1) Logistics: Over 40 thousand people ended up showing up in Copenhagen for COP 15, while the Bella Center only was able to hold 15 thousand people. It is incredible that the UN and the Danish government could not predict that logistical nightmare that many participants had to endure on their way in to the negotiations. It is imperative that for upcoming conferences, the UN and the host country recognize that climate change has become a top-political issue and will bring thousands of activists, government officials and media representatives interested in influencing the process. For example, passes could be mailed in advance or distributed in multiple venues throughout the host city, accreditation could reflect the venue’s size (!) and increasing efforts for video conferencing the sessions could be put in place.

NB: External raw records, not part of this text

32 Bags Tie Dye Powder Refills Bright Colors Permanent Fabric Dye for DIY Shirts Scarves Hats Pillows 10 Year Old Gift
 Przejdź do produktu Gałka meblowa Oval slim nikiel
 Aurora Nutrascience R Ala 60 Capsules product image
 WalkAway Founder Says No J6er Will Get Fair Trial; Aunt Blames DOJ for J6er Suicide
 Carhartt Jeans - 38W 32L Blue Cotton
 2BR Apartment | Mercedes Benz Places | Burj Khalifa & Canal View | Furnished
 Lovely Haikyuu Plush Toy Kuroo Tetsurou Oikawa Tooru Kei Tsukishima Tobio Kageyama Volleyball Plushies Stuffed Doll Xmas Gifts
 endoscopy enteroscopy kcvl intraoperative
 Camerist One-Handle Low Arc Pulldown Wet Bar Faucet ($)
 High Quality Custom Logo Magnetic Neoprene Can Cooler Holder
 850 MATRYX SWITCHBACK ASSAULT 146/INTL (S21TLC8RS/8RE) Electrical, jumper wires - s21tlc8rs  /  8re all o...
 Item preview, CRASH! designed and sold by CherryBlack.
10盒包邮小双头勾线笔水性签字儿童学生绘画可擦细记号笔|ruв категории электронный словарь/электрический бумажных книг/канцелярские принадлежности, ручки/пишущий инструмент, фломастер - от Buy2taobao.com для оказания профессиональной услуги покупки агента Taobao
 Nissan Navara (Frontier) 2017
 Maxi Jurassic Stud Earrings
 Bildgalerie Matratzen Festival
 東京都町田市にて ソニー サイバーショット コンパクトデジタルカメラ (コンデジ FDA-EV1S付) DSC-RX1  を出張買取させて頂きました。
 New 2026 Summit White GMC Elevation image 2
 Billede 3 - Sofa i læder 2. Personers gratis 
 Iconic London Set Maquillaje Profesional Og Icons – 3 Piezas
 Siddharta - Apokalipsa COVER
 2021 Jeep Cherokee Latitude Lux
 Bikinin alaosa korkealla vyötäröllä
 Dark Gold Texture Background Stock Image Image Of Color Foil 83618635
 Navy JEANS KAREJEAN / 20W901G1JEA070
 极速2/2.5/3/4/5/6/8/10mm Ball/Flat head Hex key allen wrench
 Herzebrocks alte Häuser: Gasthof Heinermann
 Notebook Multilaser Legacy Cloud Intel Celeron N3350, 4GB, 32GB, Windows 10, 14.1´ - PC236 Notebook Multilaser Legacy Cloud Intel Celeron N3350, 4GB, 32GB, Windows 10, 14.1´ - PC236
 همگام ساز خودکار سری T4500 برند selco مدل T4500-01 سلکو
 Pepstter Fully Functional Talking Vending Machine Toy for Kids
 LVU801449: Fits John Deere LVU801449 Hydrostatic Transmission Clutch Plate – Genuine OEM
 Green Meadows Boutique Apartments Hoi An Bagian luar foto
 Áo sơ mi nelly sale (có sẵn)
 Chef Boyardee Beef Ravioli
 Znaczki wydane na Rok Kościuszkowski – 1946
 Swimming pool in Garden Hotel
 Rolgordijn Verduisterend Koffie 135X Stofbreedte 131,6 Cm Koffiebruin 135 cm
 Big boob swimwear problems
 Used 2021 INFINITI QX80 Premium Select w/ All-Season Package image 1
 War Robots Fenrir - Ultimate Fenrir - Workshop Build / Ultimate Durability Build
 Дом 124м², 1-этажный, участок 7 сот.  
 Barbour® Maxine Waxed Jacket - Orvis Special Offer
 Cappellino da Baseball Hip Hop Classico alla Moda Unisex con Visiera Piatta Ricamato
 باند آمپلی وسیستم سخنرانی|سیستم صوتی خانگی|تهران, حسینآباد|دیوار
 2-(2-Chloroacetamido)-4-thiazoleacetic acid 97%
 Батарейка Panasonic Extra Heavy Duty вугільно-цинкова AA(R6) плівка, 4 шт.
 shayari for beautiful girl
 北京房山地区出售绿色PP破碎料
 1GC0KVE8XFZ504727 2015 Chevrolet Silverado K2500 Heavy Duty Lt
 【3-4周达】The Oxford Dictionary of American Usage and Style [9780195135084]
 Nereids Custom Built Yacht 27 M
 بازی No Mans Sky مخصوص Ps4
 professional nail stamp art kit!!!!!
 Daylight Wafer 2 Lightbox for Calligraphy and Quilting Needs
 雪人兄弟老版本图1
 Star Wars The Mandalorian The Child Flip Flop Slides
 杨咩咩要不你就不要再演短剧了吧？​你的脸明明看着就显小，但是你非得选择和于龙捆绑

2) Consensus vs. majority-based decision-making: One thing that was demonstrated at COP 15 was that the consensus-based model for decision making within the UNFCCC process is dated. The Copenhagen Accord was by no means the perfect outcome, but it still provided a good first step for on-going negotiations. The role of certain countries in bringing their national ideological struggles to the Summit, while denying the international community of some progress in its attempt to deal with climate change was regrettable. I hope that Parties to the UNFCCC reconsider this process, otherwise climate change issues may end up being discussed in a smaller, less democratic setting.
3) The role of the media: For the first time in its history, a COP meeting attracted a level of media attention reserved for high-level meetings for (controversial) organizations such as the World Trade Organization (WTO). On one hand this demonstrates the level of political relevance that climate change has been able to achieve, but it also contributes to the circus atmosphere felt in Copenhagen. A colleague told me that when you have over 5 thousand journalists all seeking for the juiciest story, it is only inevitable for tensions to rise as politicians try to look good for audiences back home. For example, the media pressure may have led President Obama to rush an agreement with a limited amount of countries. I was particularly surprised to see journalists holding negotiating text before government officials did!
4) The role of the United Nations: As I mentioned before, there is a serious risk for the negotiation process on climate change issues to be taken out of the UNFCCC context. This is indeed a very dangerous prospect! Not just for the obvious personal reasons, but because the UN, with all of its imperfections, still remains the only inclusive global forum. I do think that the process needs to be reformed (see point 2), but government officials, especially those from small developing countries should discourage any attempts to move the negotiation setting to grouping such as the G7 or G20.
I’ll make sure to keep sharing my thoughts on the UNFCCC process on this blog! I remain hopeful that COP 16 in Mexico will help us get back on track to save humanity from irreversible climate change.